[Start of section]

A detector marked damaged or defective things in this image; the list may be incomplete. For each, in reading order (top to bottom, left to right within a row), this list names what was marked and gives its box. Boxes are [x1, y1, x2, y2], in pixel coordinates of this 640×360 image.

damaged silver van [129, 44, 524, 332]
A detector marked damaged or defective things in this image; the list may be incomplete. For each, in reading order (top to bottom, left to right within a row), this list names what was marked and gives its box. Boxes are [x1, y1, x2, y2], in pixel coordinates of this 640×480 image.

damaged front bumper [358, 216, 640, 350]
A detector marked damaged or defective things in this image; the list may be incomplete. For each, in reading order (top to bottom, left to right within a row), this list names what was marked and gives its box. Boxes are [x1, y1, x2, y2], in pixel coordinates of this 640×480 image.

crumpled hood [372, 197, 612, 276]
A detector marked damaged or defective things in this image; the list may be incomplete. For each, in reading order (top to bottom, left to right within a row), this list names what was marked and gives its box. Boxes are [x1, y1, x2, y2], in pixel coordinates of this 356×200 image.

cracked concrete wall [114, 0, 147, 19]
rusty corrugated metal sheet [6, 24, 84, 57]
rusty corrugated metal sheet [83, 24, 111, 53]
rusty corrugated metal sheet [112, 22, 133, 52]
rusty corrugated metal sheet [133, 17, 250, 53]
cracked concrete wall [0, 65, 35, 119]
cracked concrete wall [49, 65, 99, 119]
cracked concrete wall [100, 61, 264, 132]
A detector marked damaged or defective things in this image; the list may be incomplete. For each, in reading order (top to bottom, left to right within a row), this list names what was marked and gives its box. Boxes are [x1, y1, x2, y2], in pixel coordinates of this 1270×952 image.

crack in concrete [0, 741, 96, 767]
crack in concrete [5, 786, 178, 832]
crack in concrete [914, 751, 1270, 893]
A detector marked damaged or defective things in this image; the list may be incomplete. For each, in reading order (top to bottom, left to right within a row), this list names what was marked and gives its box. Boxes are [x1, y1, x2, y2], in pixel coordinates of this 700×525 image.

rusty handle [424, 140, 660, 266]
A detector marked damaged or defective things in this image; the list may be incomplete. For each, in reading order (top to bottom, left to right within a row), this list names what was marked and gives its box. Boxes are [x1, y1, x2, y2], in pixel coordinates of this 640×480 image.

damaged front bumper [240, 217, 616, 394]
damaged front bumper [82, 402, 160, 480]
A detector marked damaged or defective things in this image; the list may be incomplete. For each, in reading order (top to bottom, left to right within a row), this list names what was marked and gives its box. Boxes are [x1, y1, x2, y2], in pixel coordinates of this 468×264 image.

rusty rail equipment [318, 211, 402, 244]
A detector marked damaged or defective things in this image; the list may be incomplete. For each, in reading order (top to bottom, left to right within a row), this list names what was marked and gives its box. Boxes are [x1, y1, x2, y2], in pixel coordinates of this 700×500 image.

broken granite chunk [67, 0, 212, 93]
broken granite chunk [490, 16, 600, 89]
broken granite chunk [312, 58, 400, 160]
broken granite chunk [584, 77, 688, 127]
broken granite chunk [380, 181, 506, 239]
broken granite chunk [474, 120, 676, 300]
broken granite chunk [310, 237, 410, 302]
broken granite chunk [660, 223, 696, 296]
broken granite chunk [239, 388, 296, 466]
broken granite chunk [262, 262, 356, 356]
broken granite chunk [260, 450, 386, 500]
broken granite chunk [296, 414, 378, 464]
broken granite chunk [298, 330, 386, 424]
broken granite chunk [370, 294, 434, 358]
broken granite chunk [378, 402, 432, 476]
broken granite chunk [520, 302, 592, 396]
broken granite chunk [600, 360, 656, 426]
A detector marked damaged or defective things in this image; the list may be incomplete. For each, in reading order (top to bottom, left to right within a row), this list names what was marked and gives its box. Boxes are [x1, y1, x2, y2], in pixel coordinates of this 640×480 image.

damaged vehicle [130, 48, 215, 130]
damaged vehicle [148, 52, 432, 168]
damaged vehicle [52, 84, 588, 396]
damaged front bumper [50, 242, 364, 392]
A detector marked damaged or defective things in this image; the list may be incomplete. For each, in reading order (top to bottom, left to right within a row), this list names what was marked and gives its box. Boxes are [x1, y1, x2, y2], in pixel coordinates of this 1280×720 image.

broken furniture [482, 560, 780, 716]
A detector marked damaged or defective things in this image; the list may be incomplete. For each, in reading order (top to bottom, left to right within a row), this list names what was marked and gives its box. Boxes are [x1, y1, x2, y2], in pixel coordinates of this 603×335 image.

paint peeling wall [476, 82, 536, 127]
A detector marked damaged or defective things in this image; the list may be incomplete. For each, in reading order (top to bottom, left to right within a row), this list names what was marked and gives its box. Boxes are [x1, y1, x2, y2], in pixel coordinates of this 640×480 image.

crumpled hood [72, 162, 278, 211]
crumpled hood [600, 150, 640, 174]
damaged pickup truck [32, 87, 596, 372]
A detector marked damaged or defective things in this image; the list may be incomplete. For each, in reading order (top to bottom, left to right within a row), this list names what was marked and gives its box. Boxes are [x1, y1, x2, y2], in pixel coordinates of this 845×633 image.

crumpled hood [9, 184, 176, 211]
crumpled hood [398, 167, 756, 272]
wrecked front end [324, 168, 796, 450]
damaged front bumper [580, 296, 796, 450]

[End of section]

TASK DESCRIPTION:
Repeat only the tail of the entries, exactly: the line containing "this 845×633 image." and every line after it, to the end.

ANSWER SECTION:
A detector marked damaged or defective things in this image; the list may be incomplete. For each, in reading order (top to bottom, left to right within a row), this list names what was marked and gives its box. Boxes are [x1, y1, x2, y2], in pixel coordinates of this 845×633 image.

crumpled hood [9, 184, 176, 211]
crumpled hood [398, 167, 756, 272]
wrecked front end [324, 168, 796, 450]
damaged front bumper [580, 296, 796, 450]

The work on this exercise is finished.